Postby Daywhite » Tue Aug 03, 2010 3:17 am

π (sometimes written pi) is a mathematical constant whose value is the ratio of any circle's circumference to its diameter in Euclidean space; this is the same value as the ratio of a circle's area to the square of its radius.
It is approximated as 3.141593, continuing on, decimally, for infinity. Mathematicians at the University of Tokyo, aided by a super computer, figured out pi to 1.24 trillion decimal places, a feat still listed as the world record.

The point of me writing about this is that pi, especially how many decimal places one can trace it to, is viewed by many as something for those with an intelligence far above average. I knew nothing of pi while in school, all through high school. I heard pi and simply felt it was yet something else I knew nothing about. But it intrigued me because it was so tied, as I saw it, with intelligence.

Later, when I discovered pi, read about it, researched it, I thought, "I should know this." I thought I should know it because I needed to believe I was smart; I needed to believe I was different than those around me, better in some way. People in Science and Math studied pi; these were the smart people, the ones without the insecurities of one with a literary or philosophical mind.

I learned pi to 3.14, its simplest form. I thought of getting a t-shirt like some featured in Science stores, something with a nice 3.14 on it and maybe some witty phrase that many wouldn't understand. That way, I would feel smarter, different, better, than those around me. "I know this, and you don't," even though technically, I didn't know it at all. I learned pi to 3.1415, feeling smarter still.
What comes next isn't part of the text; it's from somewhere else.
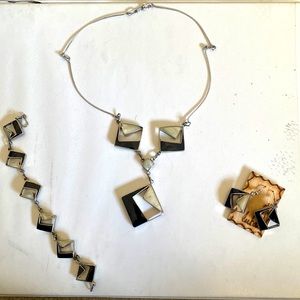 Necklace bracelet bracelet and earring set Square in shape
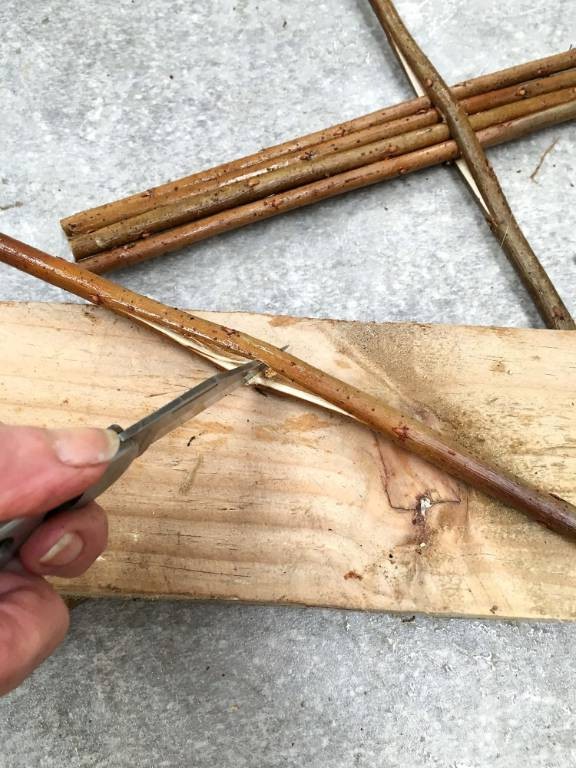 Плетеная корзина из веток - фото 3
At some point, I finally asked why, "Why am I doing this? Why do I care? Why do I need this to feel smart, special, whatever?" I enjoy exploring many things I know nothing about. Simple curiousity. A good thing, I think. But I knew I was pursuing pi, seeking more information about it, so I wouldn't feel so insecure. pi was something so many seemed to know, and I needed to know it, too. I needed to know this to feel okay, and I finally saw how fractured that thinking was. I was trying hard to be better than others just to be able to feel I was okay. I was trying to measure up to something no one else cared or even knew about.

There may be one or two things I know how to do, but there will always be at least 1.24 trillion things I know nothing about. I don't know exactly how microwaves or telephones work. I'm not sure I could make a good brick, the kind used to build a house or some structure. I don't know the periodic table of elements; doubt I could even tell you where oxygen or nitrogen would go. I daily have to look up words in the dictionary I keep beside my computer.

Yes, there are some things I do know, some things I can do, help raise a child, write a decent story, poem, or essay, tie a nice square knot, say Thank You in nine languages (well, I used to be able to, but thinking I may have forgotten a few of those). I'm a nice protector, defender, and friend. I stand for what I believe in deeply and have no trouble walking away from what I don't.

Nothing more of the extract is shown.